Exemptions or Deviations
(10) Requests for exemption or deviations from IT DR technical or business requirements may be considered following the completion of an appropriate risk assessment. Requests for exemptions or deviations must be authorised by the Chief Information and Digital Officer, or the Chief Risk Officer and Deputy CIO and Director Information Technology. The Chief Information and Digital Officer will ensure that all exemptions are reviewed on a periodic basis.
(11) Prior to submitting a request, the following must be addressed:
- define the control from which the exemption is being requested, and the reason for the exemption, as well as any introduced risk;
- identify alternative controls that would mitigate the risk that might arise due to the exemption; and
- obtain endorsement from the faculty or organisational unit requesting the exemption.

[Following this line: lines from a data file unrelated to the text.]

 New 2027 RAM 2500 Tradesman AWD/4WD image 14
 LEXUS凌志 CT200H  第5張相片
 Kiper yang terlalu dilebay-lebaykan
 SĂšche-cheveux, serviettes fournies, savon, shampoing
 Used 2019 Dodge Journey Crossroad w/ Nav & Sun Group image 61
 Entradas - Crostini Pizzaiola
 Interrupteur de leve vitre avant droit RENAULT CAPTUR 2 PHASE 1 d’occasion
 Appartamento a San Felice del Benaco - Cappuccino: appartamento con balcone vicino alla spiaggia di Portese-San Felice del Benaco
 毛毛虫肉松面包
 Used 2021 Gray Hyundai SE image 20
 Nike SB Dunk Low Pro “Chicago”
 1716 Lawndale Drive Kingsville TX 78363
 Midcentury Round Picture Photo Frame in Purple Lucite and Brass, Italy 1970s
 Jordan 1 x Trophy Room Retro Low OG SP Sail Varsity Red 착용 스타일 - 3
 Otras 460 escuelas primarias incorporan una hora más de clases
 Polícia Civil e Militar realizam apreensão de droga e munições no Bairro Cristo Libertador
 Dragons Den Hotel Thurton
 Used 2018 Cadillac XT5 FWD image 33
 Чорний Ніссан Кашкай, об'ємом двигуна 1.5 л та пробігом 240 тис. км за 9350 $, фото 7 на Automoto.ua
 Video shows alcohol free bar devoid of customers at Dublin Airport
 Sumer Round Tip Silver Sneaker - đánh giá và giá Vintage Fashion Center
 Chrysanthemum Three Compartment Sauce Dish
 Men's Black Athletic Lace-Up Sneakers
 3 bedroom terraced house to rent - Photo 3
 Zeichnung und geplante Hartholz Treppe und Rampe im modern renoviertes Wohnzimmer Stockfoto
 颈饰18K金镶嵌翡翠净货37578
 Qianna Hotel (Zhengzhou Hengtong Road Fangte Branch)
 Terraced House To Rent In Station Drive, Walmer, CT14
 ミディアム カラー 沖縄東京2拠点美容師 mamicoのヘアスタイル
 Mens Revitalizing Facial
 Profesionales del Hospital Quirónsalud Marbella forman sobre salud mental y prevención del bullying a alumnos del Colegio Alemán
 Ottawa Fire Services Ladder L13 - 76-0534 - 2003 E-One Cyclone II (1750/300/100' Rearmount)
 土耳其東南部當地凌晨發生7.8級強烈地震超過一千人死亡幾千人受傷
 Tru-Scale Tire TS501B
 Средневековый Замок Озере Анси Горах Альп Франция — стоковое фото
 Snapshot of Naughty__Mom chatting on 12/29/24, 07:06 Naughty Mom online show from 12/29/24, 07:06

Top of PageSection 3 - Procedures
(12) Nil.
Top of PageSection 4 - Guidelines
(13) Nil.
Top of PageSection 5 - Definitions
(14) The following definitions apply for the purpose of this Policy:
- Controlled Entity (CE): means a person, group of persons or body over which the University has control. Refer to the Controlled Entities Policy for further details.
- Maximum Allowable Outage (MAO) - the maximum amount of time the University can reasonably sustain an outage after the loss of an application or service. MAO is determined by the process owners.
- Recovery Time Objective (RTO) - the time within which an application or a service must be restored during an IT DR event. The RTO specifies the time from when a recovery is initiated to its completion.
- Recovery Point Objective (RPO) - the maximum tolerable extent of data loss for an IT application or service because of an IT DR event.
- IT Disaster Recovery - the planning, running, and governing of activities to ensure that the University:
- identifies and mitigates operational risks that can lead to IT disruptions before they occur;
- prepares for and responds to disruptive events (natural or otherwise, accidental, or intentional) in a controlled manner; and
- recovers and restores IT systems that support critical University operations, within pre-defined timeframes and with known and acceptable data loss following a disruption.